DATA RECORDS.
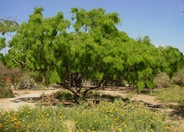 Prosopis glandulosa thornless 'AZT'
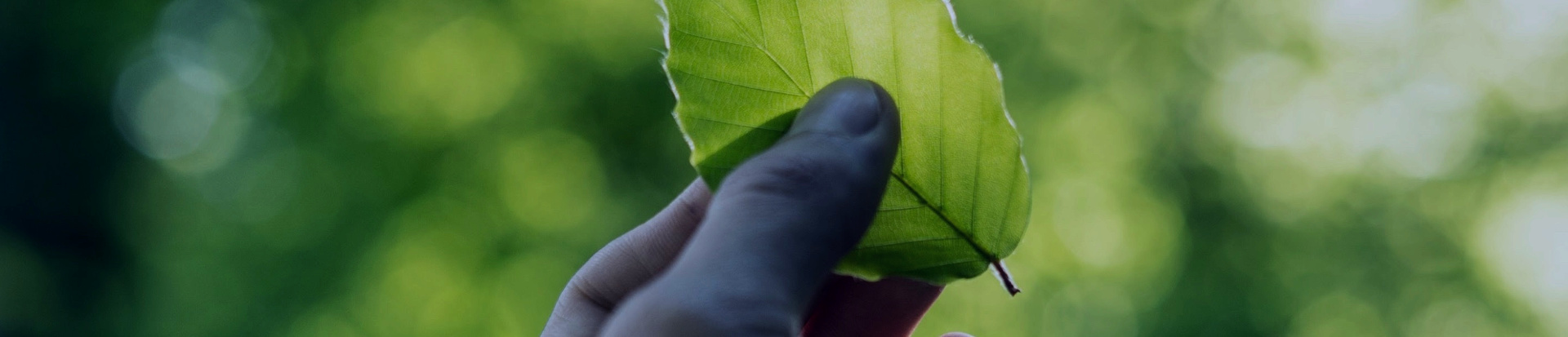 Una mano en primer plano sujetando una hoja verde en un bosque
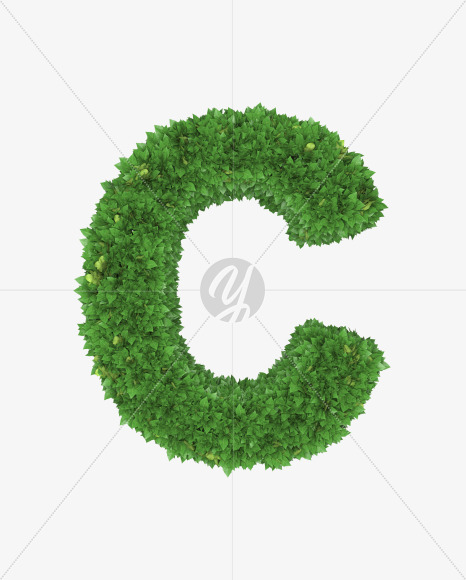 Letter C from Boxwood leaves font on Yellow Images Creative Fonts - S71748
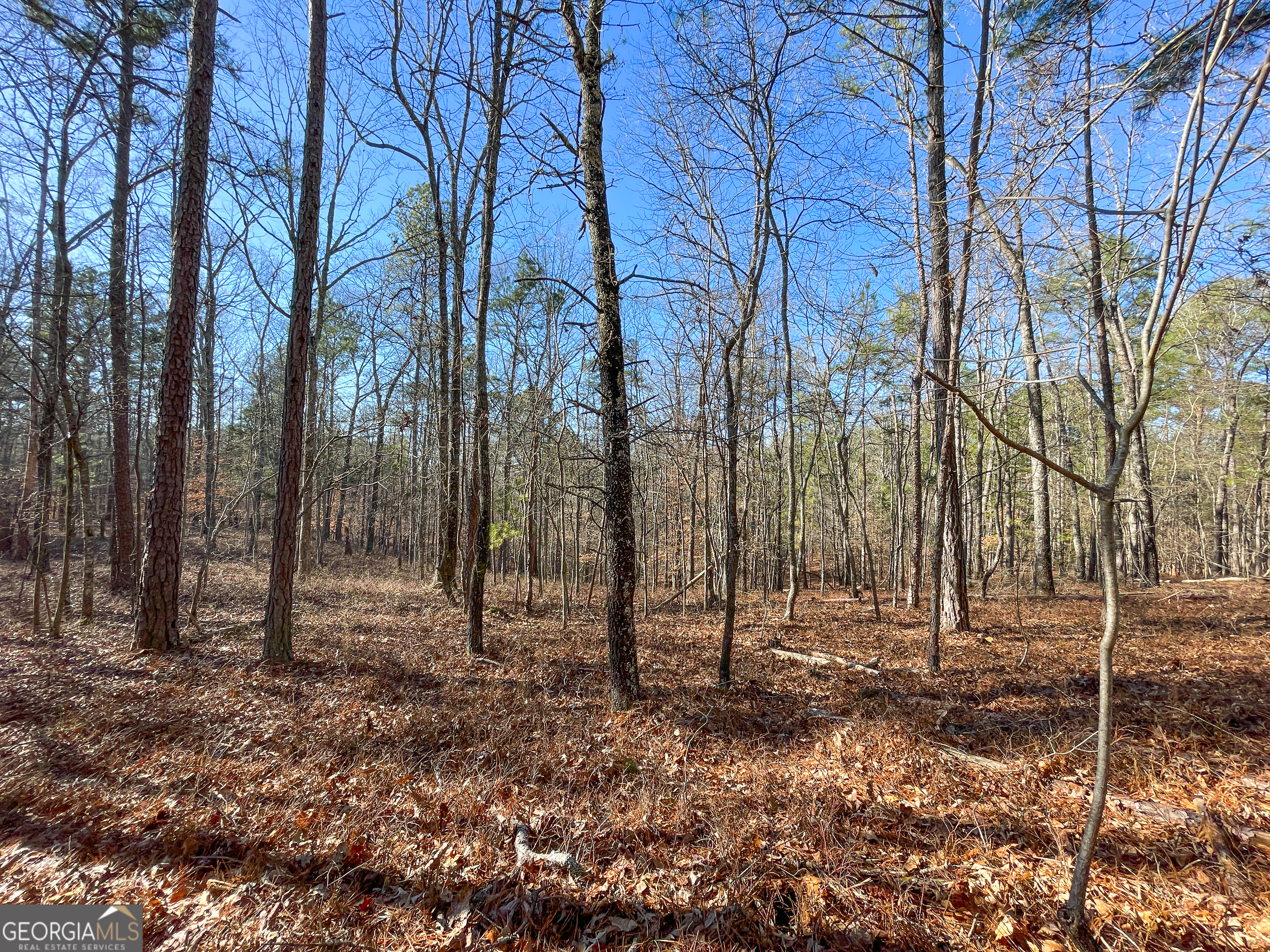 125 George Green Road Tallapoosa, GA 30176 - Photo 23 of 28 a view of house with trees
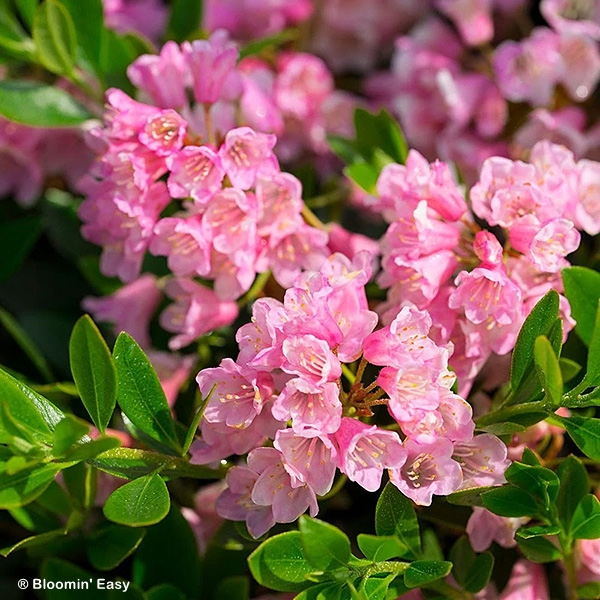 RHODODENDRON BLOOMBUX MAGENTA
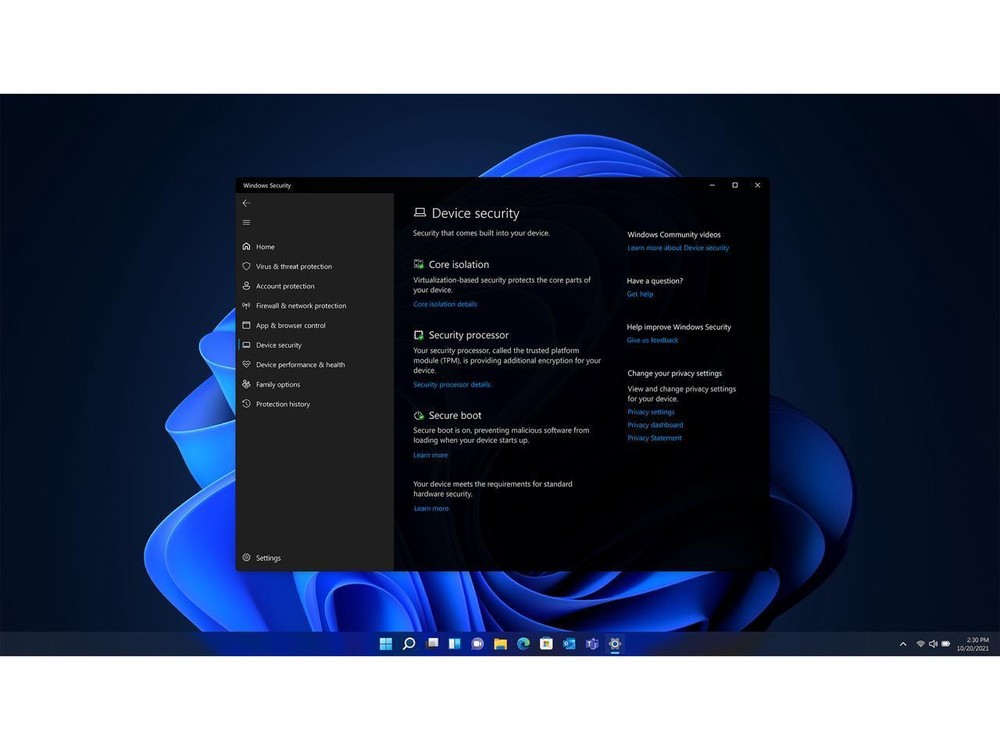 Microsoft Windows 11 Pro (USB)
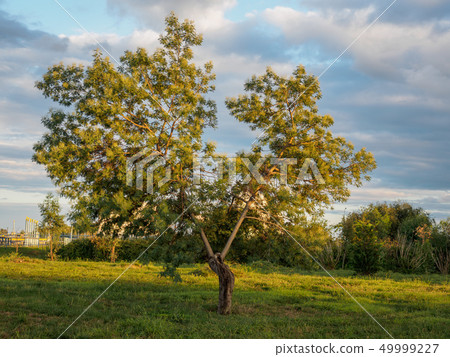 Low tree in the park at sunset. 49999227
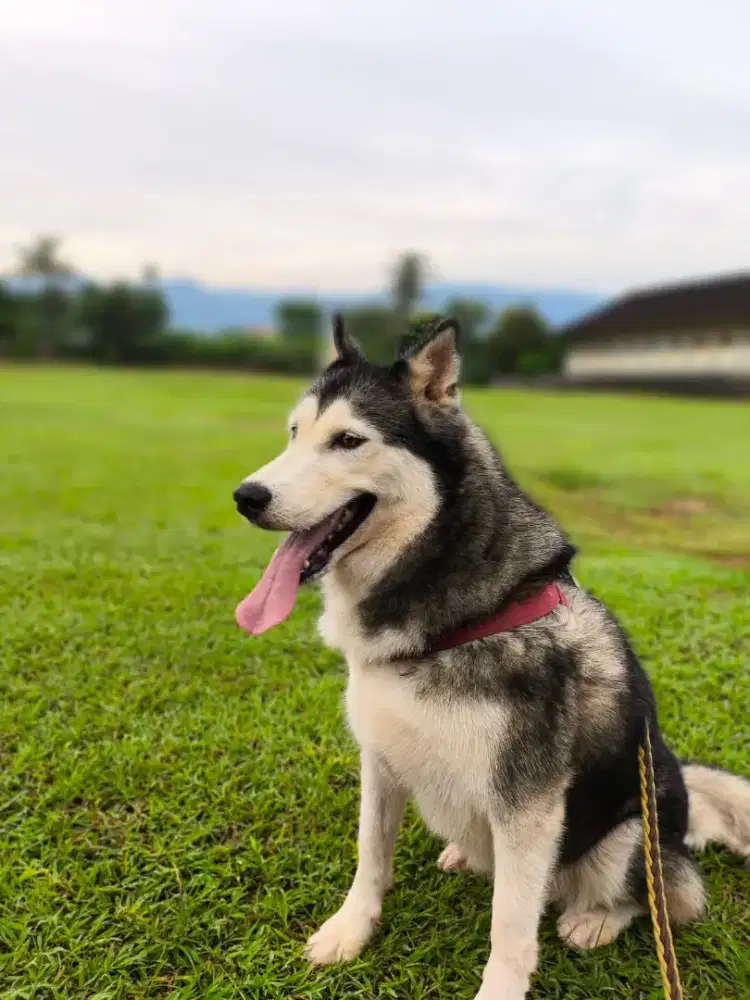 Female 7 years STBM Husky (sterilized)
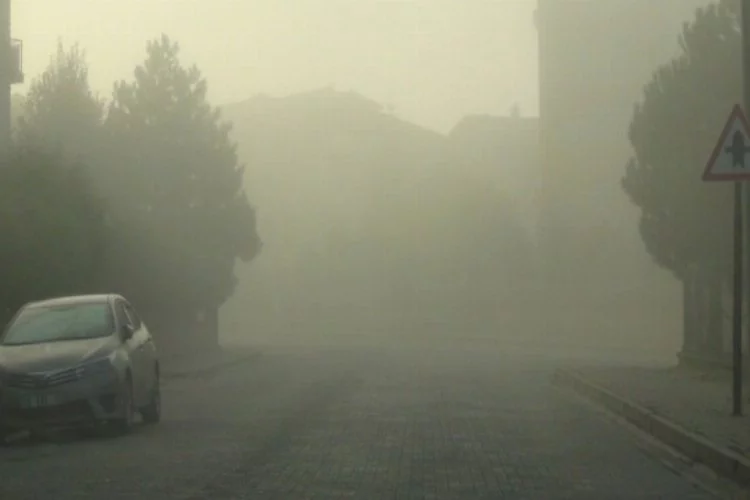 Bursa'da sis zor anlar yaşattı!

PROBLEM TO WORK ON.
Quote exactly the lines from the line that contains "Female 7 years STBM Husky (sterilized)" through the last line of the listing, please, leaving out all pictures.

WRITTEN RESPONSE.
 Female 7 years STBM Husky (sterilized)
 Bursa'da sis zor anlar yaşattı!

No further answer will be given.